AIM OF THE EXERCISE. Produce an exact copy of the first line of the data below and each line after it, please, up to and including the one with "44565 ETIQUETAS EN ROLLO 11 3890 8616".

STORED DATA.
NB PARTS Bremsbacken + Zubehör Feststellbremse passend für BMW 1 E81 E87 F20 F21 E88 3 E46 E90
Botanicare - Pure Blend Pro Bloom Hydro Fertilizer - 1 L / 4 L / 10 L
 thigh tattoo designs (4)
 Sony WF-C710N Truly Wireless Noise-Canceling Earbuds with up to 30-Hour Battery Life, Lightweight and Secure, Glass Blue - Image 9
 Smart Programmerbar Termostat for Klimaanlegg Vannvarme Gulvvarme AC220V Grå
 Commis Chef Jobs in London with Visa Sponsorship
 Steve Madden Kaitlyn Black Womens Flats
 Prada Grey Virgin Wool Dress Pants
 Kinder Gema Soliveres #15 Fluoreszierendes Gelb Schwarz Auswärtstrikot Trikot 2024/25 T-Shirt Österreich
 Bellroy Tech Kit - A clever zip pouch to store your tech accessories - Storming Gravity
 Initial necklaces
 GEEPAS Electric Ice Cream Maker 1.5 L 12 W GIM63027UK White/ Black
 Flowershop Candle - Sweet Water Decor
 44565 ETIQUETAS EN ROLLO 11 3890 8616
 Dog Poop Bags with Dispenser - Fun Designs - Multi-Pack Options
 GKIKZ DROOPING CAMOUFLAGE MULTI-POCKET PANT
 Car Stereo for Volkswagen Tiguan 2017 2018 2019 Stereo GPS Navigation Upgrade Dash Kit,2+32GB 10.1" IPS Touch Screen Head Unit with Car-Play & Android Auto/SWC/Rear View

EXERCISE SOLUTION.
NB PARTS Bremsbacken + Zubehör Feststellbremse passend für BMW 1 E81 E87 F20 F21 E88 3 E46 E90
Botanicare - Pure Blend Pro Bloom Hydro Fertilizer - 1 L / 4 L / 10 L
 thigh tattoo designs (4)
 Sony WF-C710N Truly Wireless Noise-Canceling Earbuds with up to 30-Hour Battery Life, Lightweight and Secure, Glass Blue - Image 9
 Smart Programmerbar Termostat for Klimaanlegg Vannvarme Gulvvarme AC220V Grå
 Commis Chef Jobs in London with Visa Sponsorship
 Steve Madden Kaitlyn Black Womens Flats
 Prada Grey Virgin Wool Dress Pants
 Kinder Gema Soliveres #15 Fluoreszierendes Gelb Schwarz Auswärtstrikot Trikot 2024/25 T-Shirt Österreich
 Bellroy Tech Kit - A clever zip pouch to store your tech accessories - Storming Gravity
 Initial necklaces
 GEEPAS Electric Ice Cream Maker 1.5 L 12 W GIM63027UK White/ Black
 Flowershop Candle - Sweet Water Decor
 44565 ETIQUETAS EN ROLLO 11 3890 8616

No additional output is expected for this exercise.